Would you like to dive right in? Here is a link to the Github Repo with the examples we will discuss in this article.


VoiceOver Rotor showing an overview of different headline levels

VoiceOver Rotor showing headline hierarchies in an example project

Similarly, Google’s crawlers will fall back on the headlines to check whether content is relevant for a search request - making headline hierarchies crucial for search engine optimization. 

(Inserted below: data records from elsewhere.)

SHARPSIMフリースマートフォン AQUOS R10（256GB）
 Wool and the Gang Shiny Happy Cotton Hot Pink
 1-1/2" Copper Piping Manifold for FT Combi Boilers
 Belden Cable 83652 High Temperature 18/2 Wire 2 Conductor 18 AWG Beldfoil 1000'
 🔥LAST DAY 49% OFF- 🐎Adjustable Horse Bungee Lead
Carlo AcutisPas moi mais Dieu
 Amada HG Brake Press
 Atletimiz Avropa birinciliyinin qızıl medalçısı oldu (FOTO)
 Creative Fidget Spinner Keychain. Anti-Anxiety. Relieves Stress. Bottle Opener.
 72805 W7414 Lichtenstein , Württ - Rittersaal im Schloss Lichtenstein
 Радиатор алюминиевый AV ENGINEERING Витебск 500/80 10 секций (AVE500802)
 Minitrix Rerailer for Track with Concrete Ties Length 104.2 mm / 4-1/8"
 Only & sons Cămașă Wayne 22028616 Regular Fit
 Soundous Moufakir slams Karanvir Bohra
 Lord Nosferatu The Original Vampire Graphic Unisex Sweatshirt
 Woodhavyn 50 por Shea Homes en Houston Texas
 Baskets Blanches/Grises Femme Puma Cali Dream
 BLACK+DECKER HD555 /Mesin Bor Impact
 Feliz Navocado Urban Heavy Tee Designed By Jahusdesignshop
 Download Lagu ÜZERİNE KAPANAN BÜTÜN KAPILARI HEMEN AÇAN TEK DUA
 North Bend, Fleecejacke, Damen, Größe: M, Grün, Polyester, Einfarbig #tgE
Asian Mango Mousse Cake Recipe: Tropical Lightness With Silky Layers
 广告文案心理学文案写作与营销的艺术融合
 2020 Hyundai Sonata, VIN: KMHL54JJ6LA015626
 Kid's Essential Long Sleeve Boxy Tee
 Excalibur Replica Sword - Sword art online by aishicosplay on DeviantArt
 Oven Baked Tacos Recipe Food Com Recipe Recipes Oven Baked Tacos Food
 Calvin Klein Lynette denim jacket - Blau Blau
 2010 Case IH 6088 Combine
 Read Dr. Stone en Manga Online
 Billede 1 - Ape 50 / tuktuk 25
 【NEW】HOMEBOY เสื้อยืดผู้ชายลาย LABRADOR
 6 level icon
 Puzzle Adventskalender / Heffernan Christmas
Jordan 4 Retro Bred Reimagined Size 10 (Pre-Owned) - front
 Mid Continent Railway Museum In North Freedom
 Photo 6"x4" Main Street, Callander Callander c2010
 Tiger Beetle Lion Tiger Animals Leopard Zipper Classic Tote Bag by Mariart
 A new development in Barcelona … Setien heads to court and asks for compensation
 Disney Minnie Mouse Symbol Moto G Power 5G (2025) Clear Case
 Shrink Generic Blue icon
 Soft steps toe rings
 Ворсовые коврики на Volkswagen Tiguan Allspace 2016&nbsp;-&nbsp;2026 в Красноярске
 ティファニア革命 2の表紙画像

Headline Hierarchies in a Headless CMS

A headless CMS like Storyblok gives you a lot of flexibility - both as a developer as well as a marketeer or editor. This is a great benefit of the system when we use it wisely. All the flexibility aside, you want to ensure the headline structure remains. Regardless of what bloks editors might use in a specific content type - you want to make sure this does not get in the way of semantically conveying the importance of different pieces of content. Let’s have a look at our different options.

We will have a look at: 

  • Manually determined headline hierarchies
    • Headline text field
    • Formatting headlines in rich text fields or markdown
  • Automatically determined headline hierarchy

Using Markdown or Richtext for headline structures

In the rich text field type in Storyblok, you have many different options to style your text - one of them being adding markdown, another choosing between headlines from <h1> to <h6>. 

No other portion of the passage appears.